It is at this bar that the first of her ex-boyfriends shows up. And it’s Bill Murray! You may have heard all about how Jonathon Majors killed it as Kang. All the critics were saying so, (they were even using the same words, it’s like they had been paid and instructed or something). There was a reason nobody was singing Bill Murray’s praises. Murray was in full-on “I don’t give a fuck about acting where’s my paycheck mode.” He walked down a staircase and then sat for his entire scene. He clearly hated being there and hated himself for accepting Marvel’s filthy money. He turned in a better performance in Ghostbuster (2016).
Murray betrays them to Kang because there was no one to lead the Resistance against Kang after she left. Action scene! Then Team Hank escapes.
Speaking of the Resistance, guess where Team Scott has been? Cassie and Scott drink the Red Slime and don’t get much more information from the rebels than Janet gave Team Hank. The film wanted to wait until the middle of the story to go into Kang and Janet’s history together. The timing of that is correct but the series of absurd contrivances to get it there, break the damned movie.
The Resistance is led by Katy O’Brian who frankly gets too much screen time for a part that doesn’t matter in future movies. She’s like Erin Kellyman, in that she is part of that stable of diverse and inclusive actresses Disney is pushing like the rock of Sisyphus.

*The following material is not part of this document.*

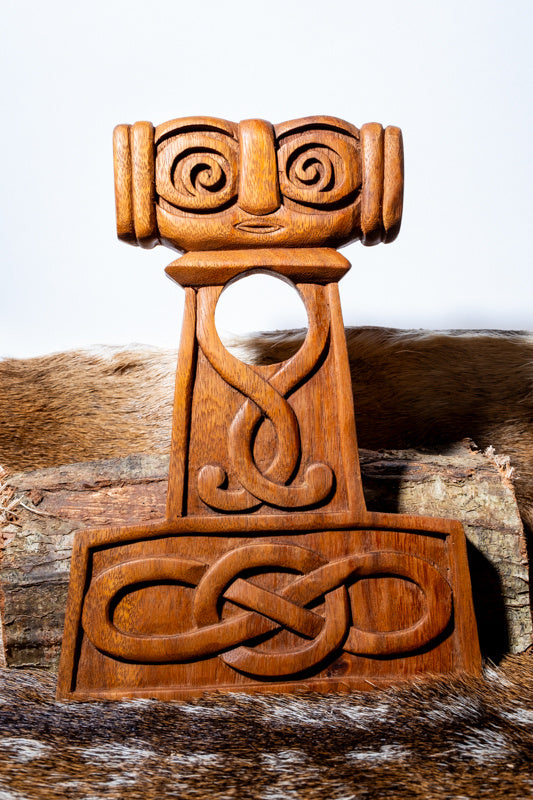 Drinking horn holder Thor's hammer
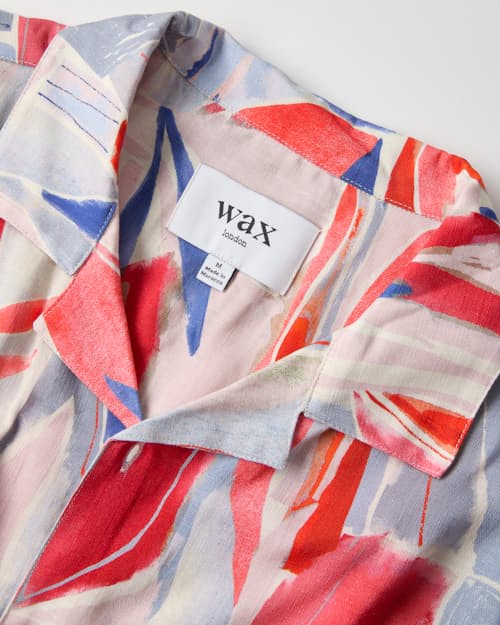 laydown detail image of Didcot Cut Out Leaf Short Sleeve Shirt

Her thing is being a bodybuilding, lesbian martial artist of color.
A big chunk of the characters are completely CG. This thing is very heavy on the CG and as usual, Marvel does a crappy job with it.
The rebels are attacked by Kang’s forces. Cut back to Team Hank so now we can finally get to hear about Janet and Kang.
This extended montage sequence has a ton of VoiceOver from Michelle Pfeiffer, meaning this was hacked together in post from a bunch of different scenes.
Janet had been lost in the QR for a while and then Kang crashes there in his super-advanced 30th-century time and space machine. A whole Quantum Realm to crash in, and he lands on her front door. Kang and Janet become close as she super sciences his ship’s power source back into working order. He had been exiled there by the other Kangs…
…with his perfectly operational time ship.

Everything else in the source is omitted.